He almost exclusively reads e-books, mostly as a matter of convenience, but grew up in a home with a library of 90,000 books. He appreciates Noam Chomsky's reasoning method without sharing his politics. He practices triathlon, one of the most challenging sports in terms of physical effort, and simultaneously strives to build strong intellectual relationships with the authors he publishes. He has an eclectic and versatile personality, typical of those who have breathed culture since childhood and have learned to appreciate its many facets. We are talking about Luca De Michelis, who graduated from Bocconi in 1990, and is the managing director of Marsilio Editori, the publishing house founded by his father in 1961. The company, after being part of the RCS publishing group for sixteen years, returned under the control of the De Michelis family in 2016.

➜ What's the situation of publishing today?
Italian publishing has always been dominated by the vertical model where companies control the whole book supply chain, from printing to selling and distribution, with direct ownership of bookstores. Today, this system has become inefficient due to its rigidities. Information technology, in fact, has thrown the whole system into question by changing the role of the media industry, and the very devices and the mobility they afford are the tools that enable to radically revise the book publishing model: publishers will create liquid content, not tied to a particular physical support, and users will decide how to access published content. In essence, publishers will no longer have to deal with the medium but only with the kind of content that travels across many channels.

➜ What will the most successful channel be?
There won't be a single one. Depending on the kind of content and type of fruition (a novel is read sequentially, while a manual or a textbook are consulted by jumping from one topic to another), different models will emerge involving the most relevant digital technologies and kinds of digital content that have closer affinity with novels and essays. In some cases there will be a complete digitization as with professional titles, while in other cases, the process will remain partial. Children's books, for example, will become multimedia and find collaborations with video games, and travel books will be integrated with Tripadvisor-like Internet platforms. School books will exploit technological innovation by proposing models that will radically modify the interaction students have with textbooks.

➜ Will the business model of publishing also change?
Of course, each book product will have to find its most suitable model. In some cases, the subscription formula could be the solution, as it already happens for TV and music.

➜ And in traditional book retail what kinds of transformations will occur?
Today, the distribution and sale of a book account for 70% of its total value.
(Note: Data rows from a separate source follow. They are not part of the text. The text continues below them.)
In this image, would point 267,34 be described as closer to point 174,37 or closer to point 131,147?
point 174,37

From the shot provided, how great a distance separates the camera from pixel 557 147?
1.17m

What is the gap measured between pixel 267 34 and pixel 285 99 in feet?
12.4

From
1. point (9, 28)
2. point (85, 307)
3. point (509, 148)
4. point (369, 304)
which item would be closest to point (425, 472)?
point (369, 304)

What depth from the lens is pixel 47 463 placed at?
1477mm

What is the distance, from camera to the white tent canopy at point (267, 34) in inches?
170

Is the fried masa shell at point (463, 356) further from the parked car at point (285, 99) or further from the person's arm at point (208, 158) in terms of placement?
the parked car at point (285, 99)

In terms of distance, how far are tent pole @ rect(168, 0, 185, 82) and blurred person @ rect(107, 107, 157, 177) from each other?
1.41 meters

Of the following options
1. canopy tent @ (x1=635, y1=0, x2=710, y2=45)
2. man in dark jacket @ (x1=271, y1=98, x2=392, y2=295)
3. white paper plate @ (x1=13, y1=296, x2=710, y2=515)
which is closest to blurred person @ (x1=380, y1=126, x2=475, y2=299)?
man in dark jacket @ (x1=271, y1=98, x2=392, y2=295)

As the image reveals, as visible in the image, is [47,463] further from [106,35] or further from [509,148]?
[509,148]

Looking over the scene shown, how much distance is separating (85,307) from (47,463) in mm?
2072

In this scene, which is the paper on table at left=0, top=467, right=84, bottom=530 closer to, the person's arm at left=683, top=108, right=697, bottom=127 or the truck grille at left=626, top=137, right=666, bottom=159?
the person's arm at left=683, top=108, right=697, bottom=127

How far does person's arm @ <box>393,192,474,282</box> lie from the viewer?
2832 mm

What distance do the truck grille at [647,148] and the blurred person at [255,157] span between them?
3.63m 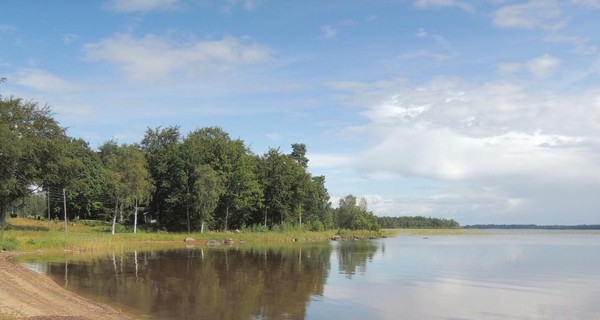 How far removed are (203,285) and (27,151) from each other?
4209 cm

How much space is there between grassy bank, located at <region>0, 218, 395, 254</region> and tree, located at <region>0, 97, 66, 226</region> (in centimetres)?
554

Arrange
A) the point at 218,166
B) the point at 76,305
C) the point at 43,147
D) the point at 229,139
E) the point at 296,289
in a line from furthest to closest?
Result: the point at 229,139
the point at 218,166
the point at 43,147
the point at 296,289
the point at 76,305

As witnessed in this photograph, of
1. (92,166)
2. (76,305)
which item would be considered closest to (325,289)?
(76,305)

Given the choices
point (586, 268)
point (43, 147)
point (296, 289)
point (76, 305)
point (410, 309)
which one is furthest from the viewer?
point (43, 147)

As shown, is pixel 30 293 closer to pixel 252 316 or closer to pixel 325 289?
pixel 252 316

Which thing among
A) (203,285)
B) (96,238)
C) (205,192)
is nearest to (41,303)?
(203,285)

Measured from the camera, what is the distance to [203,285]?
28797 millimetres

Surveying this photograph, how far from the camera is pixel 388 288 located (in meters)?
29.3

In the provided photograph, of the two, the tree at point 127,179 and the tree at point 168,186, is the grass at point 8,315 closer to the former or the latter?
the tree at point 127,179

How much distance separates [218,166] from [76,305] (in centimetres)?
6701

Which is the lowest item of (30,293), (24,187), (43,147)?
(30,293)

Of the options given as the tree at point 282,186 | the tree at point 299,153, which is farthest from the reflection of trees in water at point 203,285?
the tree at point 299,153

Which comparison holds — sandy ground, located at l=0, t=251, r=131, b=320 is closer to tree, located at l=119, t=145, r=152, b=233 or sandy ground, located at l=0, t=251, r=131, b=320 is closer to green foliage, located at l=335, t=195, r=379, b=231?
tree, located at l=119, t=145, r=152, b=233

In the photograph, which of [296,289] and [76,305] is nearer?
[76,305] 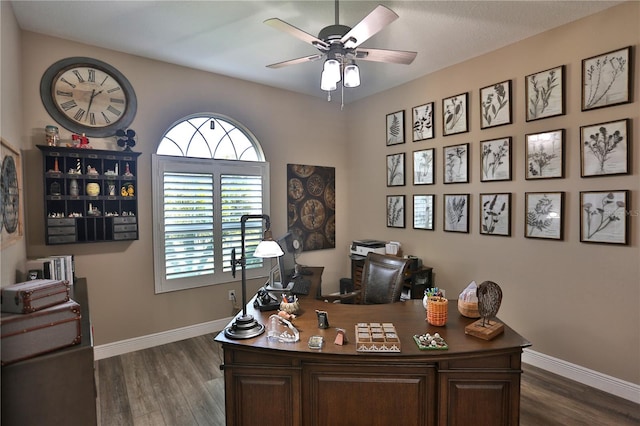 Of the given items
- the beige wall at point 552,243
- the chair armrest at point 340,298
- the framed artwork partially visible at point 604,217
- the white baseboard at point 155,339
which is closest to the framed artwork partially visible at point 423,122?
the beige wall at point 552,243

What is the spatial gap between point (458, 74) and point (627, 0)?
1.38m

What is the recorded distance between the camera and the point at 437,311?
6.25 feet

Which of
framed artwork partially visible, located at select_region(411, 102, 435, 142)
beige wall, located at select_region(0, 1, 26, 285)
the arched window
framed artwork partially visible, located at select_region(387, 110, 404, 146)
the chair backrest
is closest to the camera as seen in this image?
beige wall, located at select_region(0, 1, 26, 285)

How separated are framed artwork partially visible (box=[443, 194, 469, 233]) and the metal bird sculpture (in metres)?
1.81

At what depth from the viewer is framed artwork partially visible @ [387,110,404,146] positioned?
4152mm

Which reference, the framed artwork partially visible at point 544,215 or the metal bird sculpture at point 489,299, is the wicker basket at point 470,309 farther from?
the framed artwork partially visible at point 544,215

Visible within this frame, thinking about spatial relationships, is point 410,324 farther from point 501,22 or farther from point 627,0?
point 627,0

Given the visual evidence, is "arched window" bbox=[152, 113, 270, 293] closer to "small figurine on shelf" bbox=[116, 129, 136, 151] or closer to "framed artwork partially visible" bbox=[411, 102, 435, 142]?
"small figurine on shelf" bbox=[116, 129, 136, 151]

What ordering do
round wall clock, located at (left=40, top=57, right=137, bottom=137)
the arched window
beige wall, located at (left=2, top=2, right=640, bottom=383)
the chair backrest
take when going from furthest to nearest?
the arched window, round wall clock, located at (left=40, top=57, right=137, bottom=137), the chair backrest, beige wall, located at (left=2, top=2, right=640, bottom=383)

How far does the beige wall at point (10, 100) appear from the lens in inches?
77.2

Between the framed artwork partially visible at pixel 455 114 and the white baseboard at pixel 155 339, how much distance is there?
11.4 ft

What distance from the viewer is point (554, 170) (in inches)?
110

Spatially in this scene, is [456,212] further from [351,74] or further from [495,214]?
[351,74]

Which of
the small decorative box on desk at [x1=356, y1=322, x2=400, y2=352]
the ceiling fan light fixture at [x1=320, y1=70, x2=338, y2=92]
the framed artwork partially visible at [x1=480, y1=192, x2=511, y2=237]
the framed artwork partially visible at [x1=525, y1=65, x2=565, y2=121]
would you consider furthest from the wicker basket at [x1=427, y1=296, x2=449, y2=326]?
the framed artwork partially visible at [x1=525, y1=65, x2=565, y2=121] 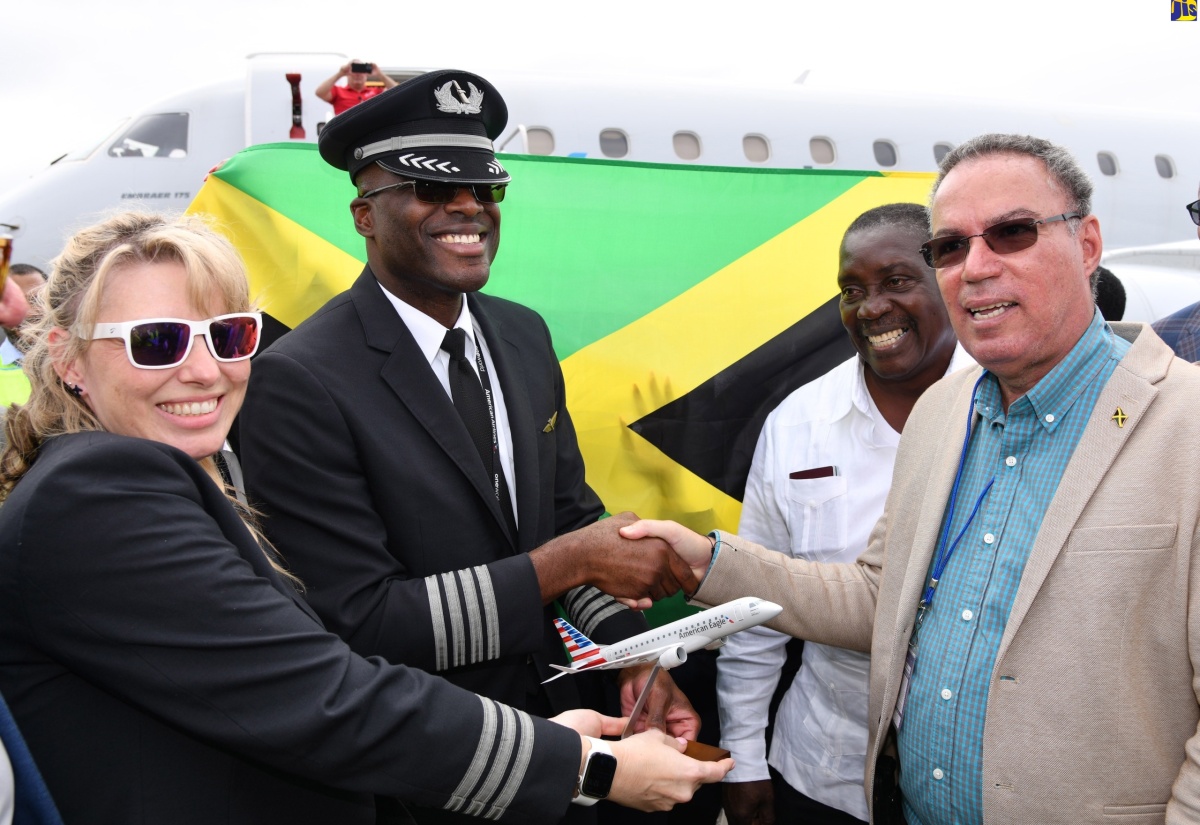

Tomorrow, the idea is to cut a portion of these costs by printing books directly on the spot where and when readers need them.

➜ Today what makes books sell?
Traditional book reviews but also social media activities, as these are an important communication vehicle, for example in self-publishing.

➜ What is the role of e-books?
Consumers have a fairly high capacity to adapt, but the success of a new model is defined by offering uniformity in supply. Today you can buy e-books on Amazon, on Apple with iTunes, and so on. There are too many platforms, causing fragmentation. True success will be achieved with the emergence of a single standard. This is what happened with video cassettes: when the VHS system prevailed on Betamax, thus standardizing supply, the film market greatly benefited from it.

➜ What is the recipe for a best seller?
There is no preset recipe, but a combination of factors. For example, it is impossible to reconstruct the reasons behind Stieg Larsson's exceptional success, yet the phenomenon has opened up a market segment that we are still riding with the series Giallo Svezia [Sweden Crime Fiction]. Just as it is unexplained why some books are not received with the same enthusiasm in different countries: it is the case of Jussi Adler-Olsen, who in Italy did not have the same remarkable results he had in Germany.

➜ How do you win readers in the digital age?
Readers choose an author, not who has published him or her, so the task of publishers is to attract writers by offering them a cozy and stimulating home, built around an interesting project of cultural quality. Increasingly, publishing houses are going after a mass production model at the expense of the relationship between publisher and author. Publishers should instead go back to having lunch with their writers and building a professional relationship based on intellectual and human exchange. Only this way can they attract the most interesting names, those that animate the cultural debate.